原本他以为离开莲花山庄后,就会同季无常分开。可如今,线索不仅在焚莲教,他体内的毒还需要无常的血来压制缓解。
人一旦有了希望,就想拼命抓住,即使违背意愿。
就算要恢复成原来的样子,也不是现在。
李朝夕的身体下滑,整颗头浸入水中。
“哥哥。”
听见季无常的声音,他挺起身,呼吸略重,手抹掉眼睛上的水珠,看到屏风后高大挺拔的人影,起身,迈出浴桶,取过旁边的脸帕擦拭身体,背对着屏风,套上里衣,
“无常,你进来。”
季无常从屏风后走出,一眼就看到季无常左肩膀上的伤疤,心里一紧,忙低下头。
穿好里衣的李朝夕转身,看着站得远远的季无常,以为他是在等自己穿好衣裳,嘴角上扬,
“无常,你过来,我有话同你讲。”
身世之谜引朝堂(1)
季无常走过去,脱下身上的大氅挂在一旁,李朝夕此时已经坐在椅子上,等着他,刚刚沐浴后的头发濡湿,贴在脸侧,脸色红润,一双如星子般的眸子水汽氤氲,睫羽上还挂着未擦掉的水珠,见他过来,嘴角的弧度更深。

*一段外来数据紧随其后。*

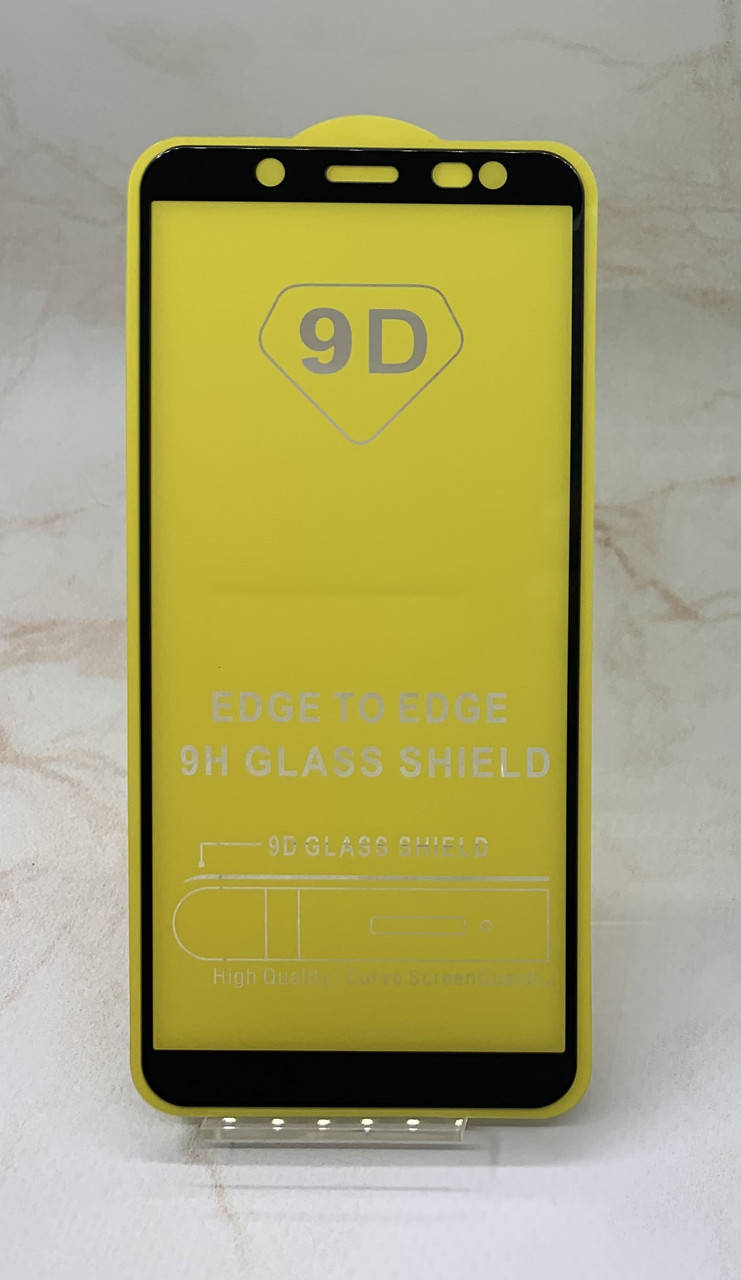 

Защитное стекло для Samsung J6 2018 (j600) полное покрытие Full Glue полный клей, Черный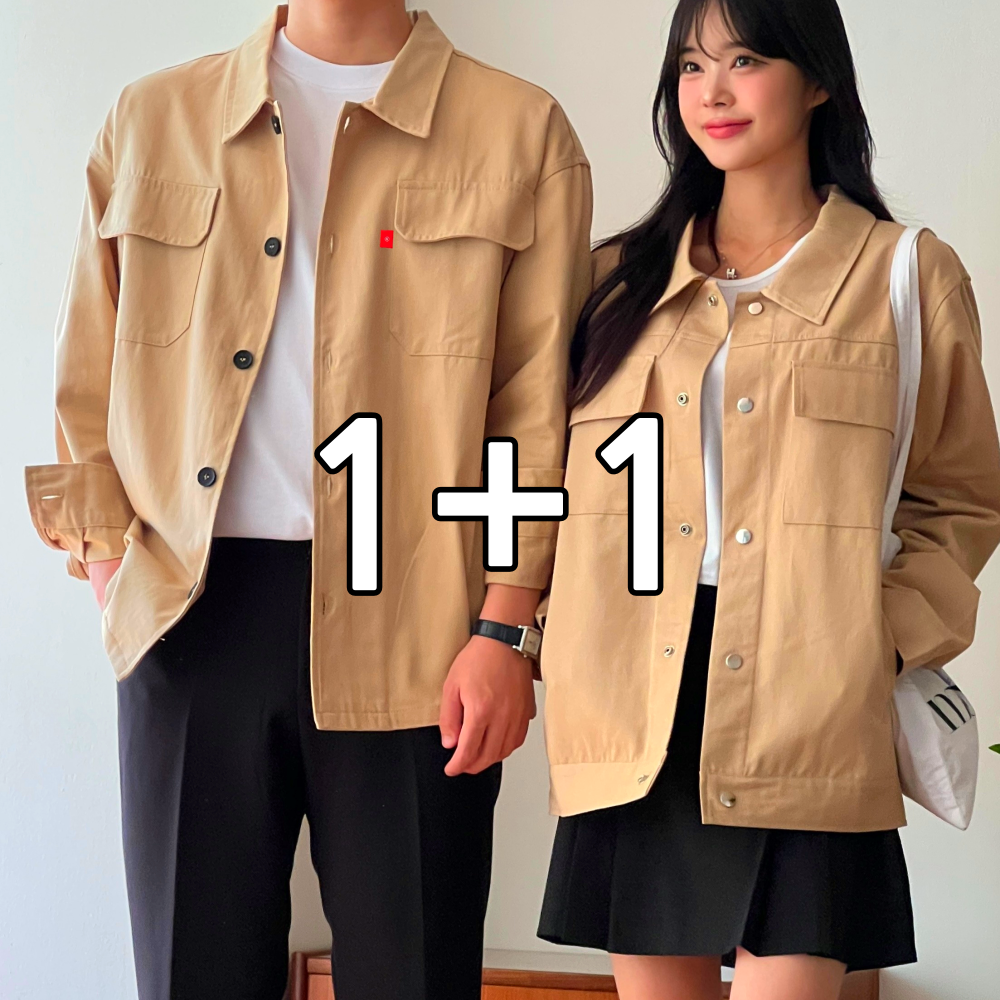 [1+1] 2장 묶음 이브컴퍼니 남성용 오버핏 면 코튼 트러커 자켓 (5003-2) 77,820원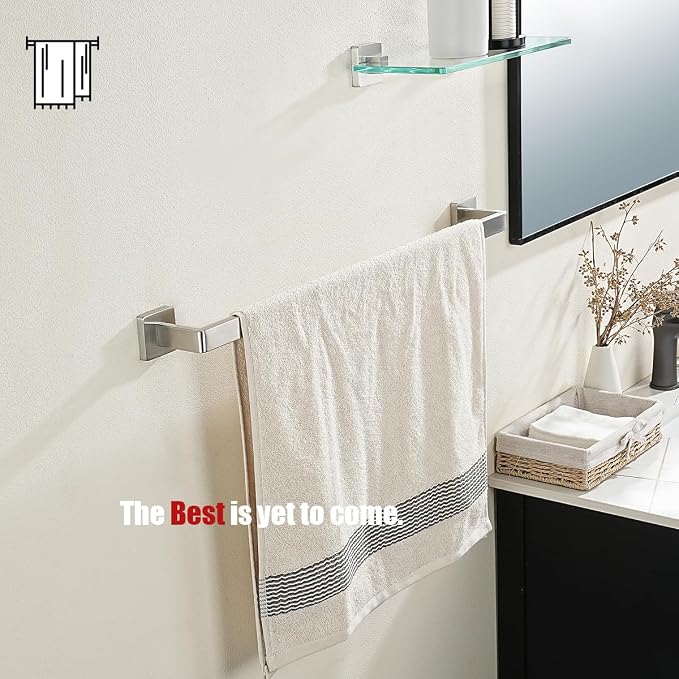 JQK Brushed Towel Bar, Rounded Edges 26.41 Inch Towel Rack, 304 Stainless Steel - Image 6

无论见过多少次,季无常都会对刚沐浴后毫无防备的李朝夕产生悸动。
他知道这是亵渎,但却抑制不住那份想要去触碰的心。
季无常绕至李朝夕身后,自然地接过他手上的脸帕,指尖交汇一息,错开。
他催动内力烘干潮湿的脸帕,又将烘干的脸帕包裹住濡湿的发尾,隔着脸帕催动内力。
季无常神情认真,替李朝夕烘干一头青丝。
李朝夕最初是不肯的,还是他央求了许久,以报恩为由才得来的机会,怎会不珍惜呢。
这样他便有理由触碰朝思暮想八年之久的人。
他看着李朝夕瘦削的背影,五指穿过发丝,柔顺中又带着些痒痒的,似羽毛,在他心上拂过。
“无常,你没有什么想问的吗?”
“譬如,我为何会同你一起来到寒城,为何会想调查程真一事。”
季无常看着李朝夕的发顶,手上的动作一刻不停,“哥哥做什么,自有道理,说与不说,全在哥哥自己。”
李朝夕猜想到他会这么说,继续道:“我本意是不想将你卷入这件事里,但我现在的身体,你也知道,怕是离不开你的血。”
“哥哥谦虚了,你救过我一命,牺牲一些血,又算的上什么?”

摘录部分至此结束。